As I remarked a while back Fyodor Dostoyevsky's The Karamazov Brothers is the novel to which I tend to find myself comparing Theodore Dreiser's An American Tragedy, but these days I also find myself thinking of Hans Fallada's Little Man, What Now?
The cultural distance between Dreiser and Fallada is, of course, rather smaller than that between Dreiser and Dostoyevsky. Both were Westerners who were much closer in time (their books appeared seven years apart, 1925 and 1932). And both, one might add, based their art on the observation of an objective, material, social world (Dreiser a naturalist, Fallada a participant in Germany's "New Objectivity," a thing which was to make them unfashionable with the Modernism-worshippers who have so much marginalized them and their like within the history of twentieth century literature).
Perhaps for that reason the similarities in the situations of the protagonists are particularly strong. In both novels a young man of humble origins, alienated from a family of which he is ashamed because of how it has placed itself outside society's mainstream, tried to get on in the world--and have a good time. In the course of this that young man gets his girlfriend pregnant, and while they try to secure an abortion, the legal barriers that present no challenge to the rich in such a situation prove quite enough to defeat them. (Dreiser, in fact, has the reader comparing Clyde Griffith's situation to that of the lawyer his uncle hires to represent him--a rich man's son who, when much younger and in similar straits, was able to arrange the operation and just get on with his life, spared the dilemma that Clyde had to face. And if Fallada does not do the same he gives us no reason to think he thought differently.)
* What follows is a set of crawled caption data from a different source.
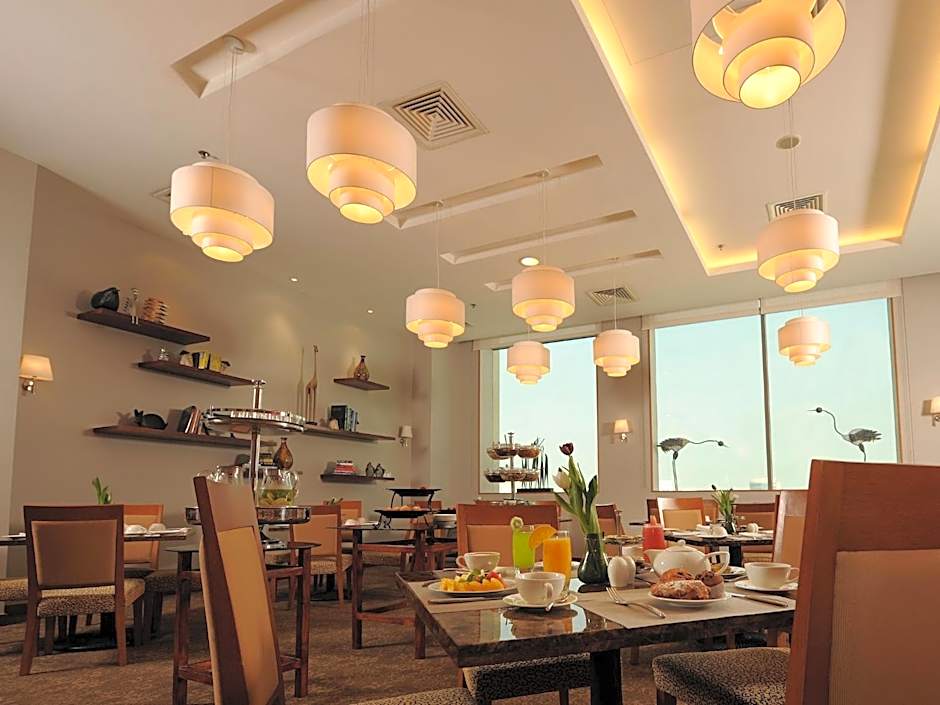 Fraser Suites Seef Bahrain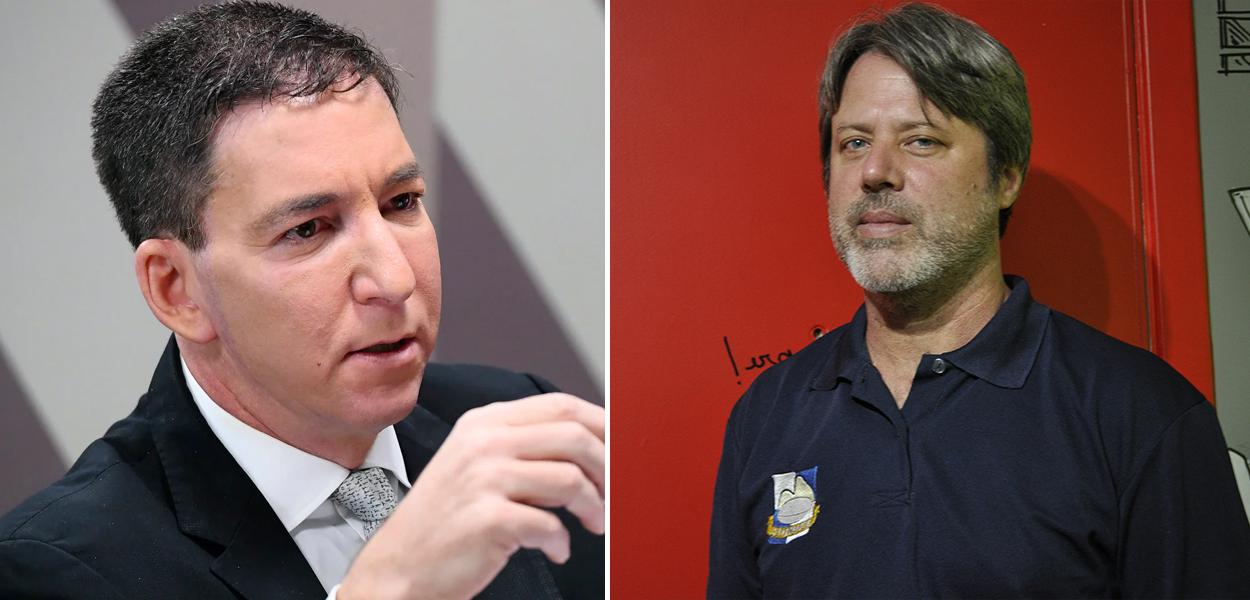 Brian Mier: "O Intercept é um projeto imperialista, que tenta colonizar as mentes dos brasileiros"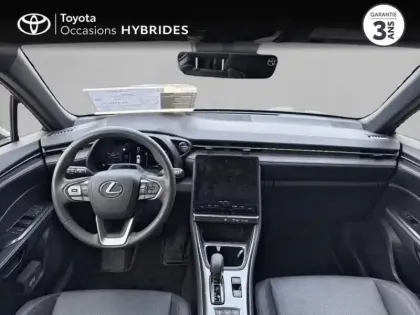 Photo 7 Lexus Lbx  1.5 136ch Emotion 2WD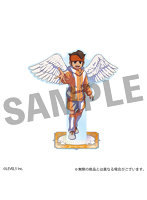 イナズマイレブン 英雄たちのヴィクトリーロード アクリルスタンド 円堂 守 天使ver.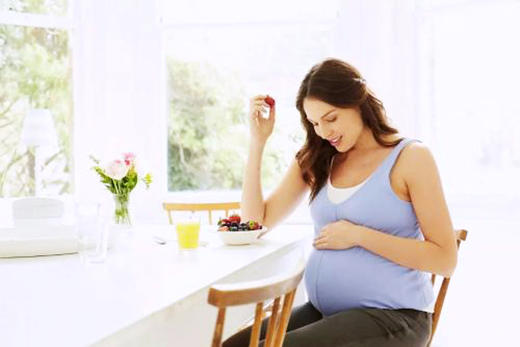 【碘】孕期为什么要补碘？哪些孕妈咪需要补碘？ 商品图0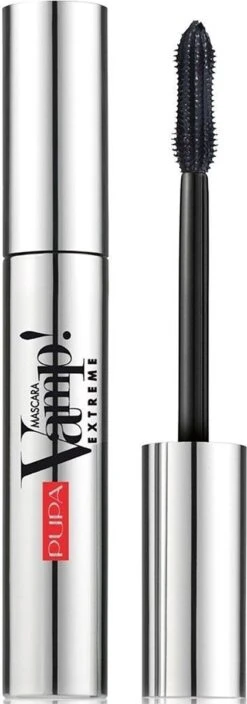 Pupa Milano Vamp Extreme Mascara 010 25 Pupa Milano Vamp Extreme Mascara 010 -Mode Cosmetica Winkel 421x1200 3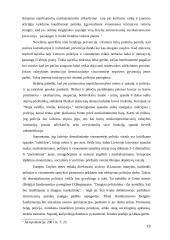 Policijos ir visuomenės informavimas 13 puslapis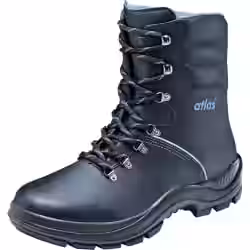 ATLAS Duo-Soft 920 Sicherheitshochschuh S3 36996-47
The result is that the protagonist faces a difficult choice. Clyde, of course, takes the course that leads to his girlfriend's death and his own trip to the gallows, while Fallada's Johannes marries his girlfriend (the crisis of the unplanned pregnancy the starting point rather than the climax of the book in Fallada's book)--and finds himself faced with only the beginning of a new round of troubles that are the novel's real subject, namely how a young couple might, or might not, get on in a very difficult world. It is a subject that Fallada, to his very great credit, treats as one who knows life at the bottom, and not only sympathizes with those who are there, but empathizes in a way that, as might be expected given the hard realities of social class and the opportunity to pursue an artistic career, very few major authors do. (I find myself recalling E.M. Forster's quip in Howard's End: "We are not concerned with the very poor. They are unthinkable, and only to be approached by the statistician or the poet." The remark said more about the Bloomsbury crowd, and what critics respect, than it does the reality, as writers like Fallada make clear.)
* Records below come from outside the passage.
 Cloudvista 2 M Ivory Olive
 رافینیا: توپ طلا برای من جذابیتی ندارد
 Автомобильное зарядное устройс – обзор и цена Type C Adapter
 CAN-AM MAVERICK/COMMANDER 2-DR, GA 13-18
Thus we follow Johannes and Emma as, with the power in the situation somehow always in someone else's hands amid an insecurity that never gets better, that only gets worse as Germany and the world sink into the Great Depression and the fetid smell of fascism hangs in the air, and they struggle through one disaster after another--one change of job, one change of residence, one makeshift, one indignity after another that make a mockery of pompous talk of "choice" and "making do." The Hollywood film version (the book was so popular that the more cosmopolitan Hollywood of the '30s took sufficient notice to rate a major motion picture directed by Frank Borzage and starring Douglass Montgomery and Margaret Sullavan), if lacking the book's flow, conveys a good deal of this faithfully, but makes the concession to commercial expectation of tacking on a Hollywood happy ending far less convincing than the bleak picture we see at the end of the novel. It is less convincing still, I suppose, because of our later vantage point. After all, we know just how very, very dark things will get for Germany and the world; what their little son Horst will have to live through. Certainly Fallada found this out for himself--and produced a work about what it was to live through the Nazi era and the war that was at least as memorable, Every Man Dies Alone.